In a television universe in which the average number of channels received by a typical U.S. household has nearly doubled to 70, stagnant aggregate ratings can partly be attributed to viewer migration to specialty networks on digital cable and satellite.
That is a taste of the television industry’s new reality that needs to be more fully reflected in its economics-from revenue generation and pricing to earnings expectations and content costs.
Mr. Bilotti’s conclusion: The television operations of major entertainment conglomerates are vulnerable and “have far less operating leverage than commonly assumed.” Even without the threats of war or a double-digit recession, revenue growth and higher margins will be limited for many media companies.
Mounting fears
But the need for a more pragmatic reconciliation of television’s old and emerging new reality does not stop there.
Based on top media executives’ remarks at three major Wall Street media conferences in the past month, there is mounting trepidation about how adversely revenues and earnings, audience reach and advertiser pricing will be impacted by the increased penetration of TiVo-like devices and video-on-demand choices.
The trends are clearly entrenched and can only become more urgent factors in future television economics.
But instead of pragmatically addressing the impact, some broadcasting executives are opting, instead, to take exception with specific timeline and penetration projections. It is a futile exercise considering that no one knows for sure how long it will be before such viewing habits reach critical mass. We only know they will.
Specifically, CBS’ veteran research guru David Poltrack has used the occasion of several recent public forums to criticize my reporting of Forrester Research’s controversial personal video recorder and VOD forecast. That same Forrester research has been widely referenced by other top industry executives and analysts, including Mr. Bilotti, as a springboard for constructive, detailed discussion of the critical overriding issues.
That is what the industry needs more of.
While some forecasts appear too Draconian, Mr. Bilotti said that even a more modest estimate of 6 million to 8 million penetration of PVRs in the U.S. by 2004 “may be enough to begin an advertiser backlash.”
“The bottom line: We think TV networks face significant pressure both in the short term, due to ratings declines as fragmentation increases, and in the long term, as technology potentially undermines the business model,” Mr. Bilotti said in his recent report.
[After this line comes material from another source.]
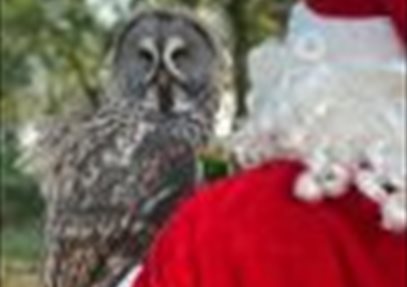 Father Christmas with Owl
If the media industry has learned anything in recent years, it’s that change doesn’t come without a price, and that the price gets higher the more the companies involved look for big returns and fast fixes.
Media companies can use change to their advantage if they take the time to study it.
What is required, first and foremost, is willingness on the part of all media players to redefine every aspect of their business, if need be. That means finally letting go of past practices and expectations, if necessary. And it means finding new and maybe even better ways to grow.